Но ведь практически все крупные немецкие компании, включая дочерние компании американских корпораций, использовали принудительный труд! Что же получается, все их менеджеры и владельцы без исключения были «оппортунистами» и «жадными» личностями, все они были «плохими парнями»? В реальности их личные добродетели или пороки не играли совершенно никакой роли. У них не было выбора. Даже самые добродетельные менеджеры были вынуждены использовать подневольных работников, к этому их вынуждала логика капиталистической системы, которая в контексте так называемого свободного рынка дает возможность производить и получать прибыль, — а значит, и выживать, и процветать — только в ходе беспощадной конкуренции с другими производителями.
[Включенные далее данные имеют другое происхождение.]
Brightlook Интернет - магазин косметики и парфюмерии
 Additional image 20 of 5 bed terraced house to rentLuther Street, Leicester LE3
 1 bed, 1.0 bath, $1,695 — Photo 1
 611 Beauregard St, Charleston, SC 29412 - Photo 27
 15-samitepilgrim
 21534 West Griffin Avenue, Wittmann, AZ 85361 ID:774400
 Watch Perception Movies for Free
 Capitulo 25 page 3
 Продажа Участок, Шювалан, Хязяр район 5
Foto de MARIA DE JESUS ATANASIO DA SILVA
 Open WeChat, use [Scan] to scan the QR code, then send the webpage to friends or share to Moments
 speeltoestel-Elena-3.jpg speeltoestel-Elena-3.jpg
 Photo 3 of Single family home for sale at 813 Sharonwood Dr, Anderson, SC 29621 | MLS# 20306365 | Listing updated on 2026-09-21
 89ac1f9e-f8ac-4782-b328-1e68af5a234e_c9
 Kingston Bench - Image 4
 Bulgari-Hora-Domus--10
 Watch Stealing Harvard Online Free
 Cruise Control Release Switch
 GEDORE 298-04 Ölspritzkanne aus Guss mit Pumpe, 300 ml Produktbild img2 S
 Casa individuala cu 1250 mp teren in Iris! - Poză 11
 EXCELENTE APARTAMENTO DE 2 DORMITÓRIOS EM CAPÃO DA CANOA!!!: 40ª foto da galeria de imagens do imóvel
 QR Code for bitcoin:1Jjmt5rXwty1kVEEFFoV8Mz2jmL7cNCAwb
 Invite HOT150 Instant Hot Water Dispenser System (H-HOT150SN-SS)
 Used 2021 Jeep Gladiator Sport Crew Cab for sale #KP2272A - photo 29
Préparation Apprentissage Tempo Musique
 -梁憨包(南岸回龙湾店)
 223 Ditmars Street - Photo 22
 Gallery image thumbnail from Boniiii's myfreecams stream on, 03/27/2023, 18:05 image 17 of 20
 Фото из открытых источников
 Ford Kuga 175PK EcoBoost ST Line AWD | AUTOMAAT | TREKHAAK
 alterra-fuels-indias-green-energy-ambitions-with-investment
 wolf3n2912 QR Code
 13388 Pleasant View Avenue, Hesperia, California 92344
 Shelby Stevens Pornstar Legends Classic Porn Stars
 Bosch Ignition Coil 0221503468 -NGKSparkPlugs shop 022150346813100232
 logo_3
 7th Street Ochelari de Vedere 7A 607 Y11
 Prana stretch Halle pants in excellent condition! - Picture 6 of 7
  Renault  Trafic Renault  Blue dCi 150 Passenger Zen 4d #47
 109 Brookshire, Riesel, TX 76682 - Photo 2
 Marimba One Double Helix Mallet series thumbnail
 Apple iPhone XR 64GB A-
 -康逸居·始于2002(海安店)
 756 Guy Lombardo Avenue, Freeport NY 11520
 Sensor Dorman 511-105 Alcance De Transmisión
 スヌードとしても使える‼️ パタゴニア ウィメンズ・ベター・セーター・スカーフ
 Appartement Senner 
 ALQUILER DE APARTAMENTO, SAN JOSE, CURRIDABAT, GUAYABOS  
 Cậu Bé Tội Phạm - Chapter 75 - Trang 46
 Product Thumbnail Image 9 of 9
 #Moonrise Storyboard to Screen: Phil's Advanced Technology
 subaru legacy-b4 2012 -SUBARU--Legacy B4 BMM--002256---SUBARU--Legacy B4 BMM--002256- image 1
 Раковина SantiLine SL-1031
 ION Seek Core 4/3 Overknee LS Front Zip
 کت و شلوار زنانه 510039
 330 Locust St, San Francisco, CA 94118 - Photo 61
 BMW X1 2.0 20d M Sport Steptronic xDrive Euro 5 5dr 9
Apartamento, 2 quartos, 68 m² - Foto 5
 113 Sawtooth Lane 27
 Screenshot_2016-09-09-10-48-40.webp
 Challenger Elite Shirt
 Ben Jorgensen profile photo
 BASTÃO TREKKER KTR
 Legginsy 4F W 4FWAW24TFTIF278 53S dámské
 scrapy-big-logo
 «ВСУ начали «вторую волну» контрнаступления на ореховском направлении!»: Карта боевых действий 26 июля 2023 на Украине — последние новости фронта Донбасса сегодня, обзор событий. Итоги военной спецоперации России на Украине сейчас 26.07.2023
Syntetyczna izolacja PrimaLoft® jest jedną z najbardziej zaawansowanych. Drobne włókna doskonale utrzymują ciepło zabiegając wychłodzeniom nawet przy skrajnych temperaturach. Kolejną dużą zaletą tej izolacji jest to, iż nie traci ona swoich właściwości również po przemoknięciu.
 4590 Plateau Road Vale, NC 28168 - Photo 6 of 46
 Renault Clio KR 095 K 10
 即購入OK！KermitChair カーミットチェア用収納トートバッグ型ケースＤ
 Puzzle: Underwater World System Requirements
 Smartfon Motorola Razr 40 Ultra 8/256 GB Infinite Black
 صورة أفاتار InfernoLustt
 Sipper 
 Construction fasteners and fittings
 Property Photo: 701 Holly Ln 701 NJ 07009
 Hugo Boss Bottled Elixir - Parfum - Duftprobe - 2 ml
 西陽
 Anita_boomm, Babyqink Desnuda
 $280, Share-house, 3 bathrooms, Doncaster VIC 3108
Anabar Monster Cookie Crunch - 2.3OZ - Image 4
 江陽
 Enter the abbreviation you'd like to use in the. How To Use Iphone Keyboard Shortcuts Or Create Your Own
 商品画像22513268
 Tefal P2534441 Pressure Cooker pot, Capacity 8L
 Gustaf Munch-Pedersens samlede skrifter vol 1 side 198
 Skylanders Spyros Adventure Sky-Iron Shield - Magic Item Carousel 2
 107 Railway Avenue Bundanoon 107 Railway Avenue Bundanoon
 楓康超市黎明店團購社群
Сам Шперер признает это, когда он пишет, что менеджеры компаний «также и во время войны мотивировались вечной потребностью максимизировать прибыль». Понятно, что Шперер имеет в виду капиталистическую систему, в которой частная собственность и конкуренция являются альфой и омегой. Разве не ясно, что «оппортунизм» и «жадность», о которых упоминает Визен, — это не просто личные пороки, но неотъемлемая часть самой системы? Если практически все крупные компании в гитлеровской Германии, включая и филиалы американских корпораций, использовали труд принудительных рабочих и были «впутаны» во многие другие преступления нацистского режима, то это произошло не из-за личной злобы менеджеров или собственников, но из-за характеристик самой капиталистической системы, которая требует даже от самых благородных бизнесменов быть настолько «жадными» и «оппортунистическими», насколько это возможно, когда речь заходит о максимизации их прибыли.
Еще в девятнадцатом веке капитализм прикрывался идейной мантией либерализма, идеологии, которая изображает на своем знамени свободу. Это мощная идеология, потому что невозможно быть против свободы. Но свобода — это абстрактное понятие, нечто такое, что существует только в теории. На практике существует много различных форм свободы. Свобода либеральной идеологии, очевидно, есть специфическая форма свободы: это свободное предпринимательство, свобода выбора предпринимателя, капиталиста, лица, которое владеет капиталом и контролирует его. Свобода либерализма — это вовсе не свобода труда, не свобода трудящихся. Например, нет никакого противоречия в том, что капиталу при нацизме удалось процветать благодаря принудительному труду, то есть, благодаря несвободному труду. При нацизме и благодаря ему капитал стал более свободным, чем он был раньше, а труд — менее свободным. То есть, нацизм был инструментом, который позволял капиталу осуществлять и максимизировать свою свободу за счет минимизации свободы труда.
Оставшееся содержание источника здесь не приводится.